:: ENTRIES PROVIDED ::

►

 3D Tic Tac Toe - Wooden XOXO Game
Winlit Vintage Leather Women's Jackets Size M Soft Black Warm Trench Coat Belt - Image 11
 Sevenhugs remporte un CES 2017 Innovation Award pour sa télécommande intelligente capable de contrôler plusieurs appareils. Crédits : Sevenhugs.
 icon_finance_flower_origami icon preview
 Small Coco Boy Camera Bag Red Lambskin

◄
►

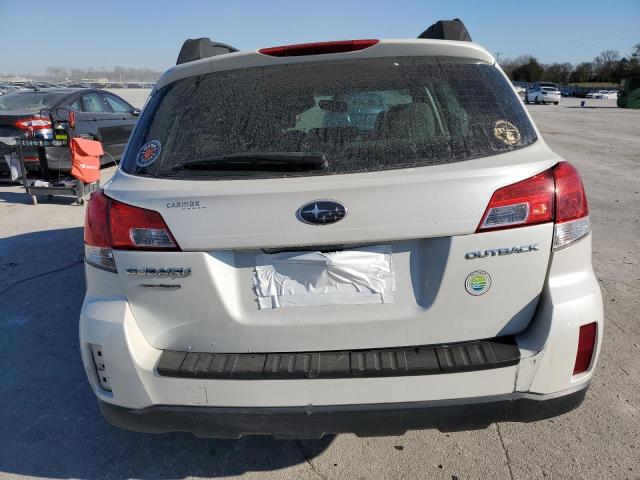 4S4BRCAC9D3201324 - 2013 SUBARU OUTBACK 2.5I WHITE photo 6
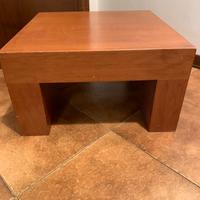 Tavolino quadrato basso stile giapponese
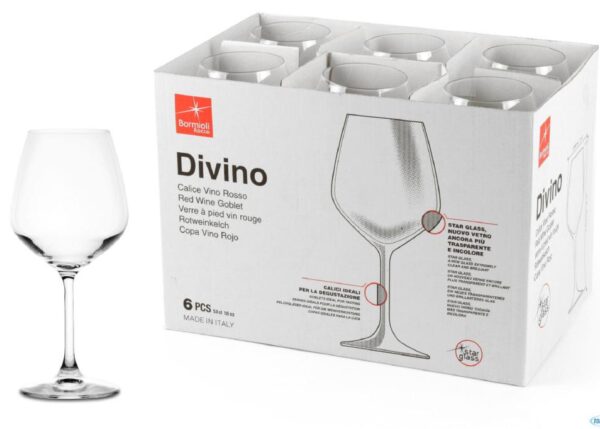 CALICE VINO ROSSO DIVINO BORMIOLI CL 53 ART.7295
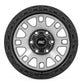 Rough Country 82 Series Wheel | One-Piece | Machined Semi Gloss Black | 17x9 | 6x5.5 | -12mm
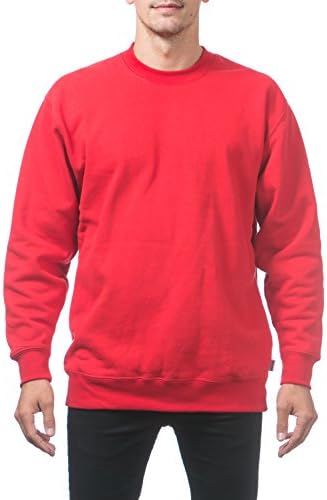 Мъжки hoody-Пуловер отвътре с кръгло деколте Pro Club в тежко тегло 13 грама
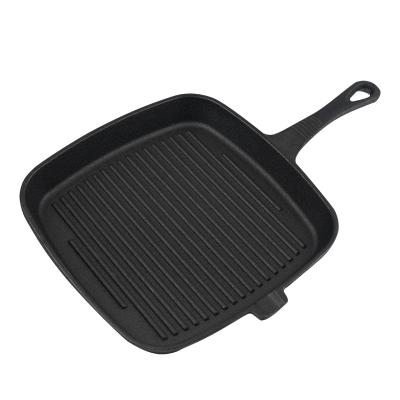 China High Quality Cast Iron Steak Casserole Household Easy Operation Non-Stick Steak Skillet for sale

◄
►

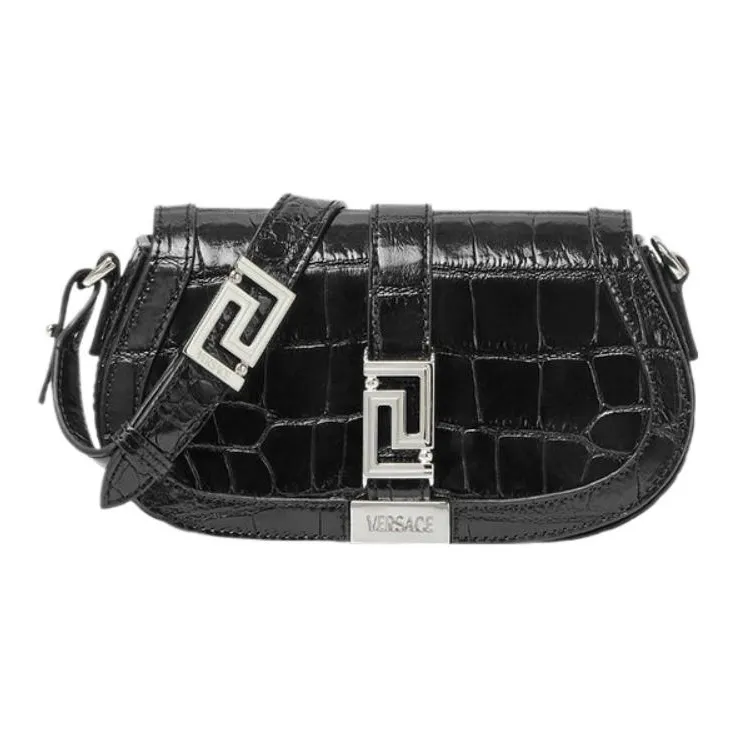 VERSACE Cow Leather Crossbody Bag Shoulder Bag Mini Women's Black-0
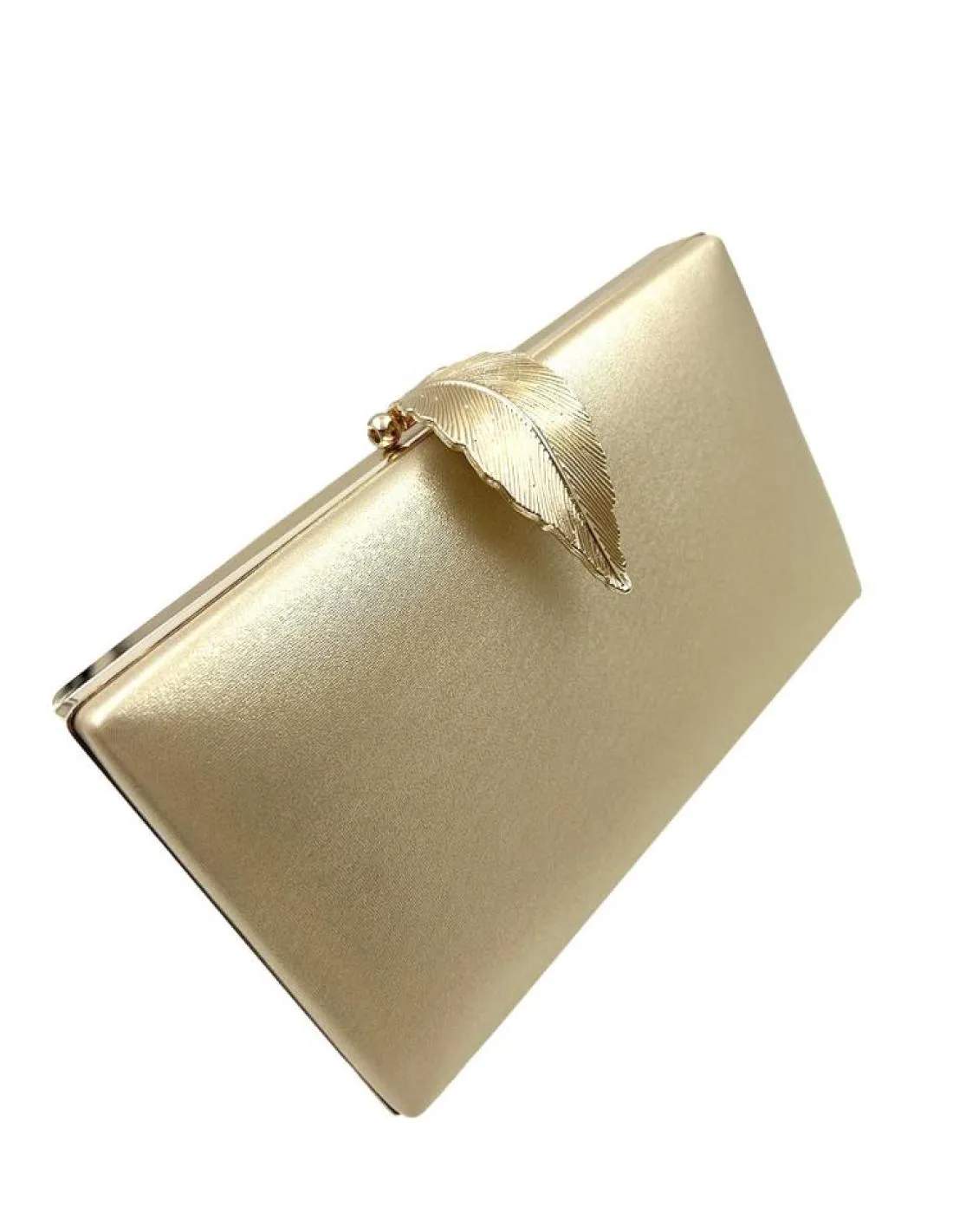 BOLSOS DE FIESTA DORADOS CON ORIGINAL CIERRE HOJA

◄

:: INSTRUCTIONS FOR THE TASK ::
Leaving all pictures out, output exactly the lines of the material above from the line with "Мъжки hoody-Пуловер отвътре" to the line with "China High Quality", both included.

:: REPLY TO THE EXERCISE ::
 Мъжки hoody-Пуловер отвътре с кръгло деколте Pro Club в тежко тегло 13 грама
 China High Quality Cast Iron Steak Casserole Household Easy Operation Non-Stick Steak Skillet for sale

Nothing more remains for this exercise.